REQUIRED ACTION: Determine the number of lines in these entries that hold the word "Black". Give the number and nothing more.

TASK INPUTS:
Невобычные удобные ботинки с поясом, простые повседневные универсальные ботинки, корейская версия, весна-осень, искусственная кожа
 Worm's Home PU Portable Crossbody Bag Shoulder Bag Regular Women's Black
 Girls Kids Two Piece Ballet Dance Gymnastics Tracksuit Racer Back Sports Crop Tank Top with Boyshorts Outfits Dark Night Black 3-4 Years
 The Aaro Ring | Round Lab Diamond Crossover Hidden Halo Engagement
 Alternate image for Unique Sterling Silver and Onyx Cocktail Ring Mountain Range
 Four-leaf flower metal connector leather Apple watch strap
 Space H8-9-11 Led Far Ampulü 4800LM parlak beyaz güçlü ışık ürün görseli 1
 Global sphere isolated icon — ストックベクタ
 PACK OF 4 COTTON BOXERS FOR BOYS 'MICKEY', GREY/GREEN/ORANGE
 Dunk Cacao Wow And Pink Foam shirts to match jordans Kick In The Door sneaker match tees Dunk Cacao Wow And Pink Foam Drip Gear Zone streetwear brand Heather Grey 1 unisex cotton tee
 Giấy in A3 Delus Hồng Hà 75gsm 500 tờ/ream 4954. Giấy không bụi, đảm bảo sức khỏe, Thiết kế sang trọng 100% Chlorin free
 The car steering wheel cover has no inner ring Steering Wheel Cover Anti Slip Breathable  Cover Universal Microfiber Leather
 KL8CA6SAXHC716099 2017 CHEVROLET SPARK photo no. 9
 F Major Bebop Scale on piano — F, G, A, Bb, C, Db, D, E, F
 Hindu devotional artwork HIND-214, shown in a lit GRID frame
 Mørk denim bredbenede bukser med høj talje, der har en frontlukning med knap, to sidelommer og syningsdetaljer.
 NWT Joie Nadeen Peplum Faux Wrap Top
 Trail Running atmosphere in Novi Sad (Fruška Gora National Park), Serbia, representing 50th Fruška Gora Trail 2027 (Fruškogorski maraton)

SOLUTION TO THE EXERCISE: 2